A federal court has frozen the assets of a Boston-area money manager who allegedly stole $1.7 million from investors by creating a fictitious hedge fund and falsely claiming he was a math whiz who graduated from Harvard University.

The freeze was granted at the request of the Securites and Exchange Commission, which has filed a complaint alleging that Andrey C. Hicks of Boston and his firm Locust Offshore Management LLC (LOM) told clients they were investing in a billion-dollar hedge fund called Locust Offshore Fund Ltd.-a fund that did not exist. Instead, the $1.7 million LOM received from nine investors for LOM shares was deposited into company savings and checking accounts at TD Bank in Boston, according to the SEC. Hicks then transferred "substantially all" of the investor money into his personal checking and savings accounts, according to the SEC complaint.

The SEC also claims that Hicks, 27, falsely told investors that he earned undergraduate and graduate degrees at Harvard University, that he previously worked for Barclays Capital, and that the hedge fund held more than $1.2 billion in assets. The SEC also alleges that Hicks and his firm claimed that the firm's quantitative strategies were based on mathematical models that Hicks developed while at Harvard.

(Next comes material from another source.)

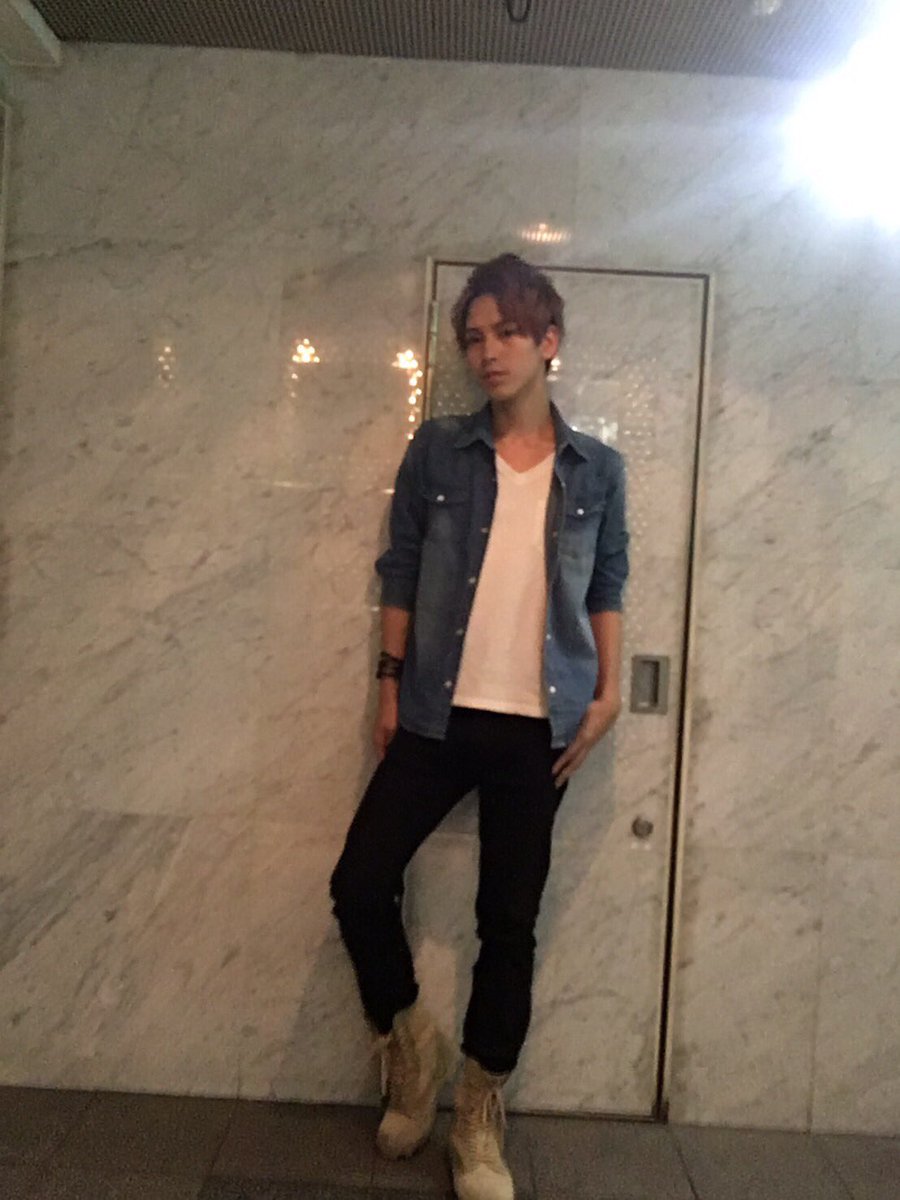 Lounge Atelier V Tvittere おしゃれ番長は誰だ 今月よりカジュアル服でも営業してます 服装やヘアスタイルもlounge Axeの見どころです ラウンジ グランドオープン 六本木 おしゃれ番長 ファッションモンスター Lounge Atelier V Tvittere おしゃれ番長は誰だ 今月よりカジュアル服でも営業してます 服装やヘアスタイルもlounge Axeの見どころです ラウンジ グランドオープン 六本木 おしゃれ番長 ファッションモンスター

Hicks, the SEC claims, only attended Harvard's undergraduate college for three semesters and never graduated after twice being required to withdraw because of poor academic performance. Hicks only took one mathematics course during his time at Harvard, receiving a grade of D-, according to the SEC.

Hicks' offering materials stated that, while at Barclays Capital, he "grew his book nearly two-fold and expanded his group's assets under management to roughly $16 [billion]," but Barclays Capital has no record of employing Hicks, according to the SEC.

"Hicks lied to investors about virtually every aspect of his fictitious hedge fund. This brazen web of lies to investors constituted an outright fraud," said David P. Bergers, Director of the SEC's Boston Regional Office.

At the SEC's request, Judge Richard Stearns of the U.S. District Court in Massachusetts issued a temporary restraining order that freezes the assets of Hicks, his firm and the hedge fund.

In addition to freeze on LOM's and Hick's assets, the SEC also wants Hicks to surrender all ill-gotten gains plus pre-judgment interest, with the money to be be distributed to LOM investors.